▸ SOURCE INFORMATION:
———

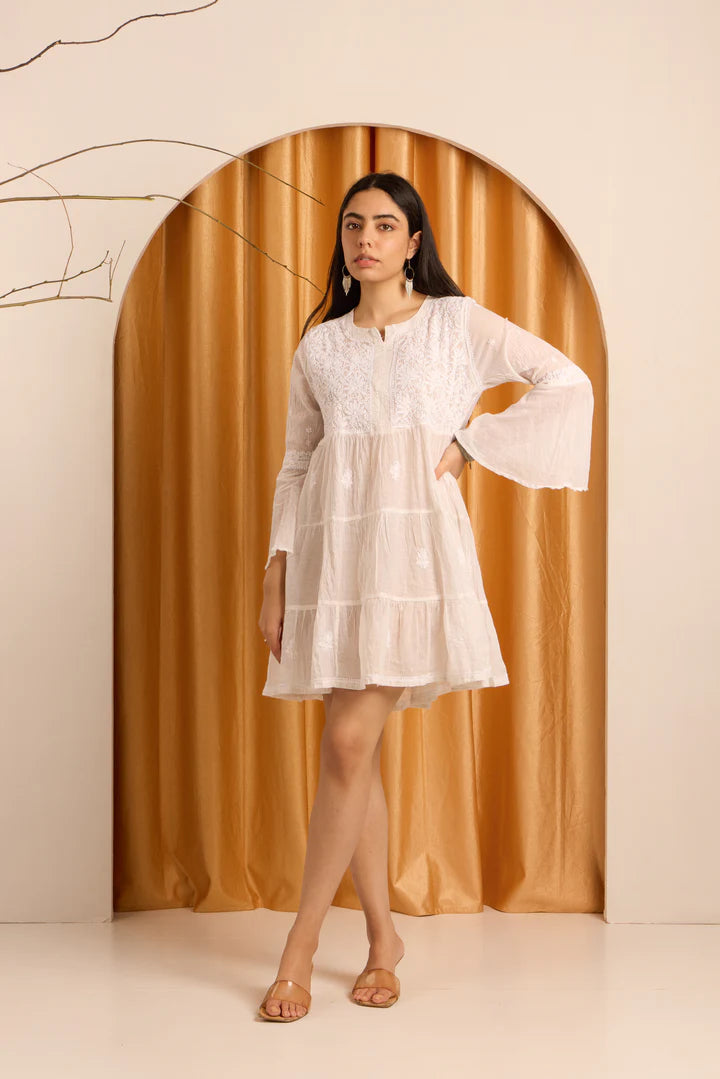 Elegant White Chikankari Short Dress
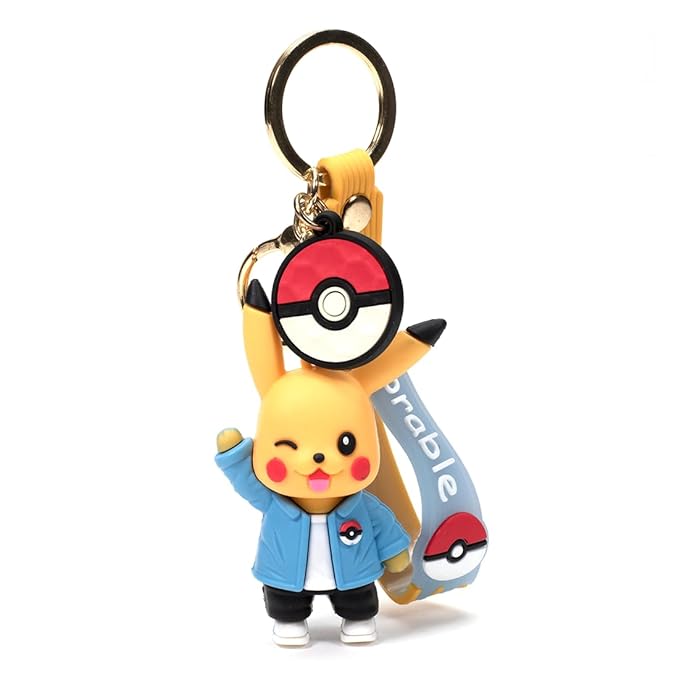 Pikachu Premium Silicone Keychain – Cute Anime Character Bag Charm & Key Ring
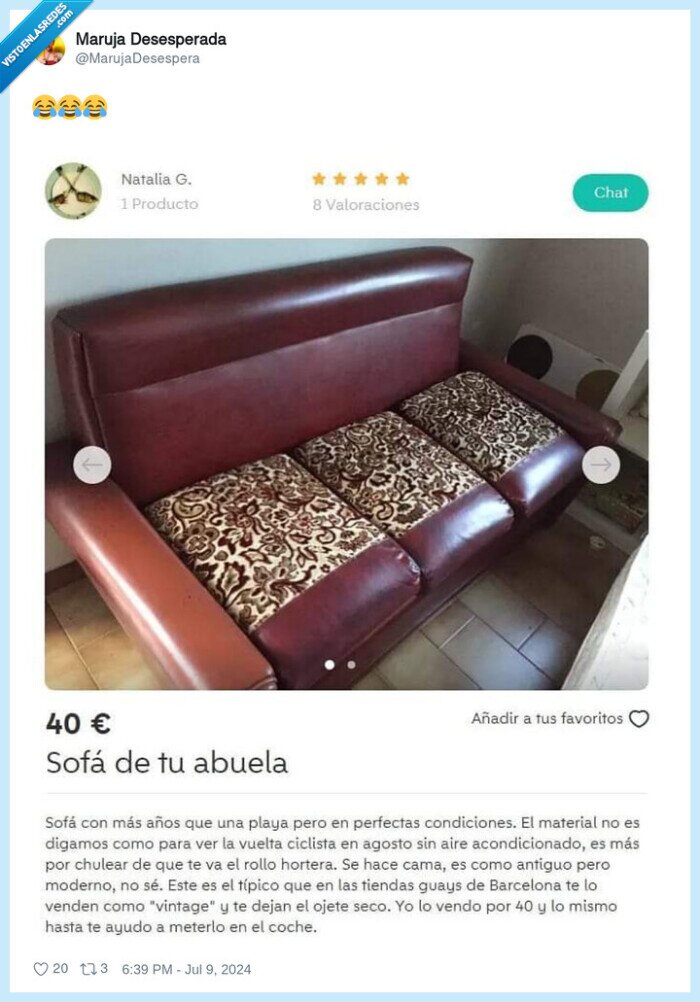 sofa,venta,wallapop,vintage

———

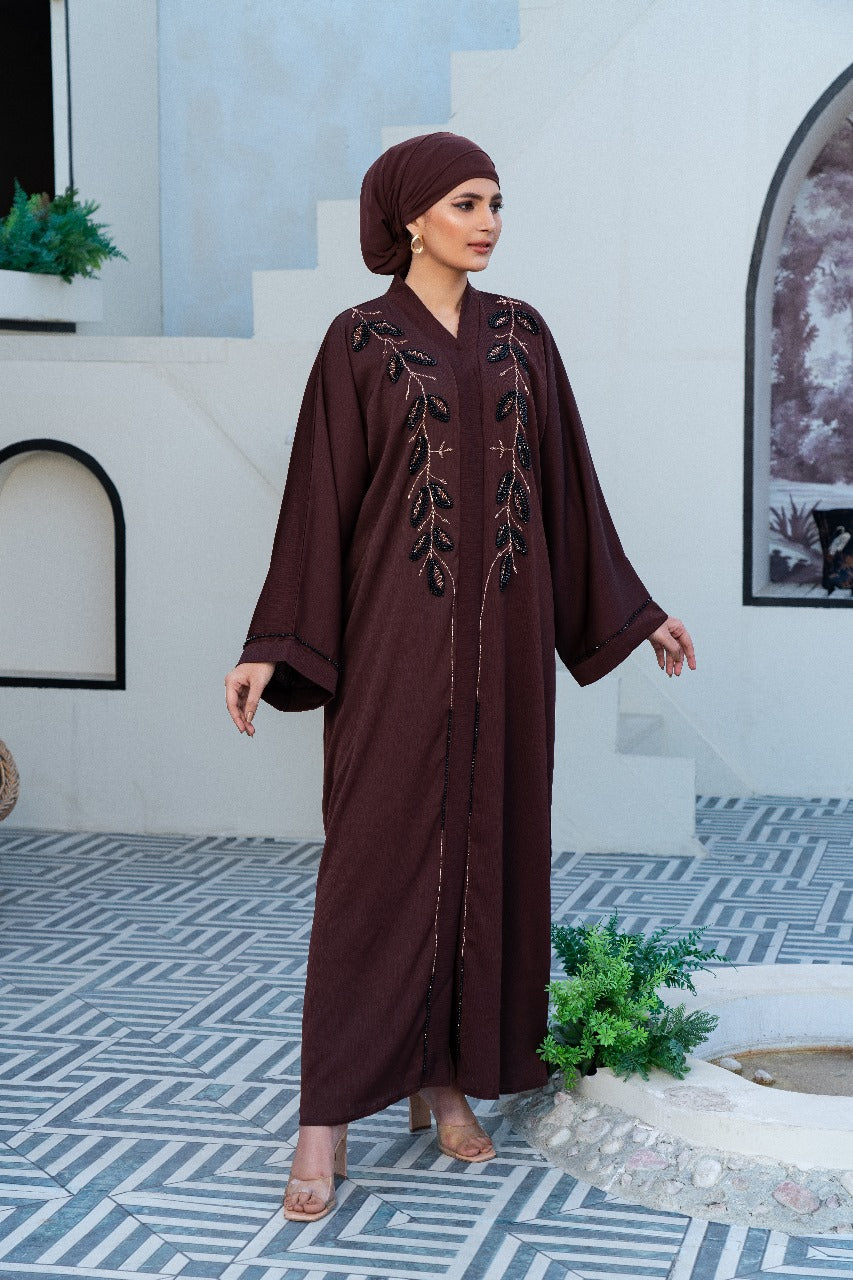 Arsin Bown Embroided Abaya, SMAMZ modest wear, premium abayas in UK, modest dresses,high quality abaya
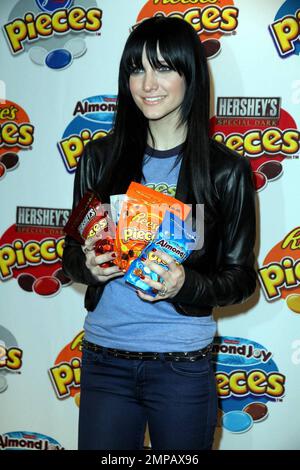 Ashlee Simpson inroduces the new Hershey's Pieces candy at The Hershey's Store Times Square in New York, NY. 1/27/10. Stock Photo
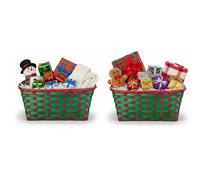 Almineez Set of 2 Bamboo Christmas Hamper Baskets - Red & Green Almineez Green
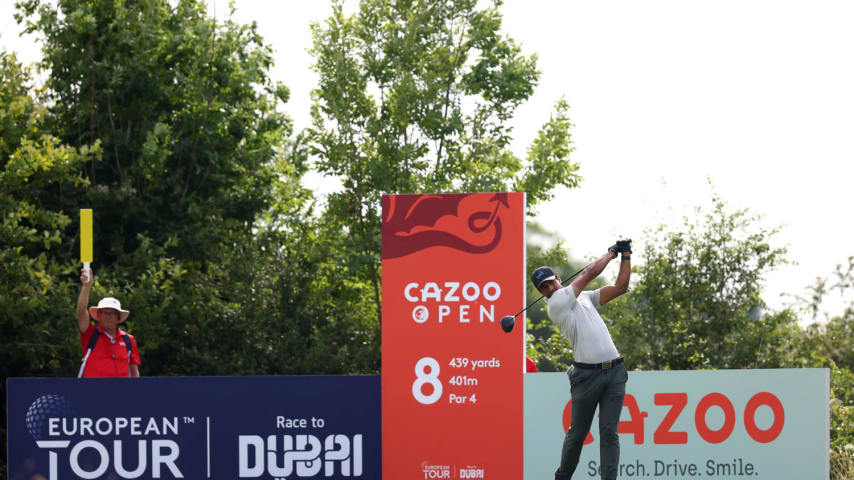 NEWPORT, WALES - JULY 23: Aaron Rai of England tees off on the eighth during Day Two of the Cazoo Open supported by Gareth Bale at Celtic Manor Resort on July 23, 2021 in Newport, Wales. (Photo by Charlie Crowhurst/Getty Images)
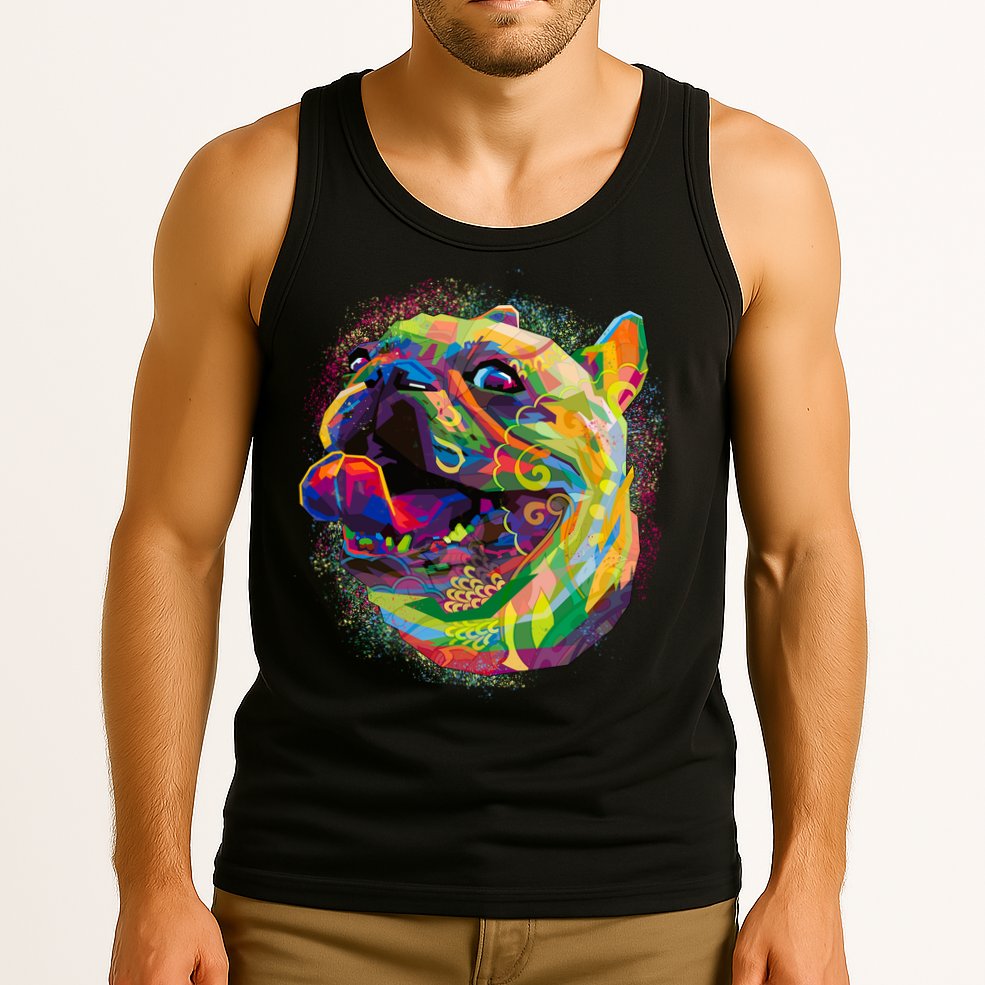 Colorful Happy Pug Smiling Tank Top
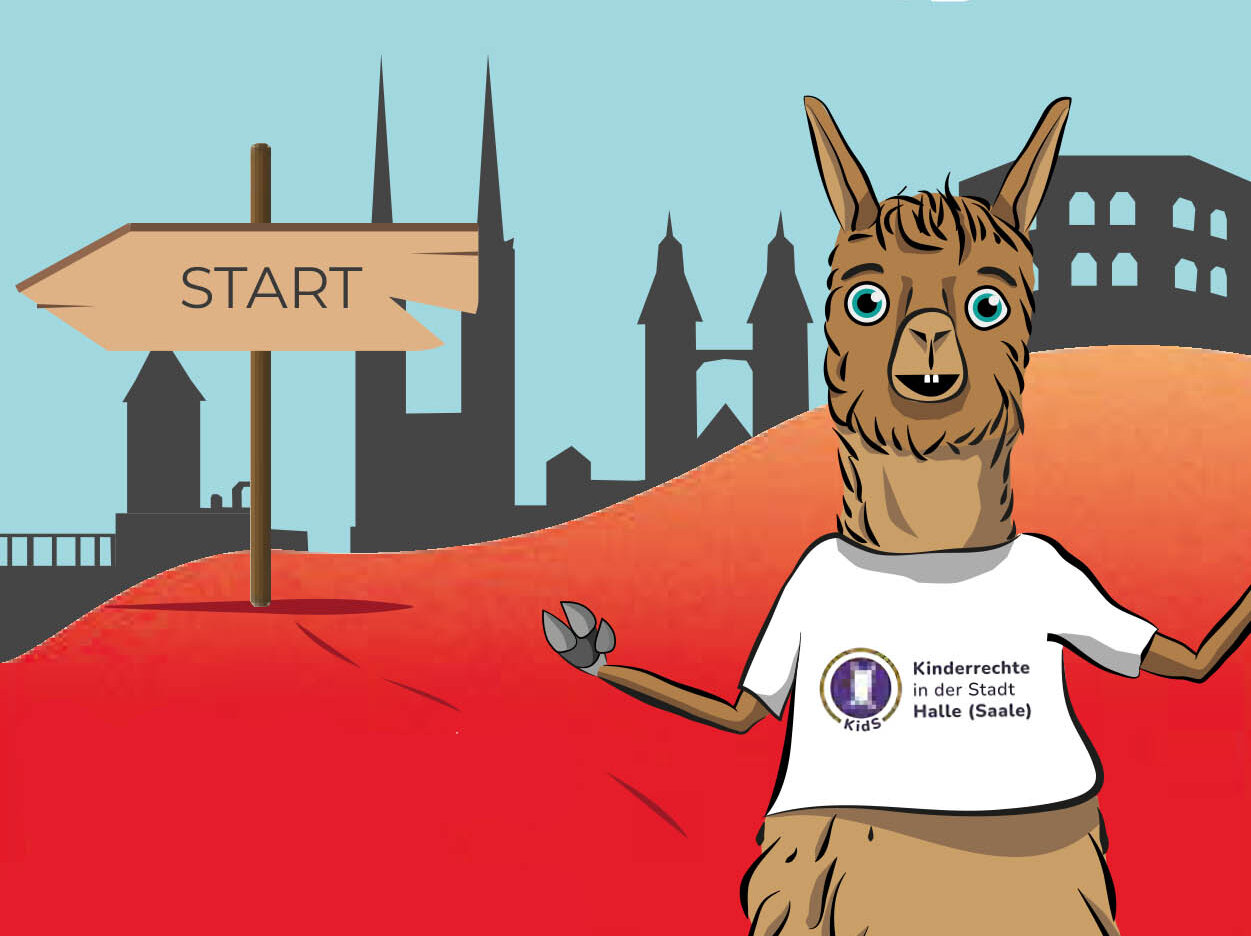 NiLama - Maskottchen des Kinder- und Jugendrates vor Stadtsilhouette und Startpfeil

———

▸ PROBLEM REQUIREMENTS: Give back exactly the lines above from the one with "Elegant White Chikankari Short Dress" through the one with "sofa,venta,wallapop,vintage", both included. Pictures don't belong in the copy.

▸ TASK ANSWER:
 Elegant White Chikankari Short Dress
 Pikachu Premium Silicone Keychain – Cute Anime Character Bag Charm & Key Ring
 sofa,venta,wallapop,vintage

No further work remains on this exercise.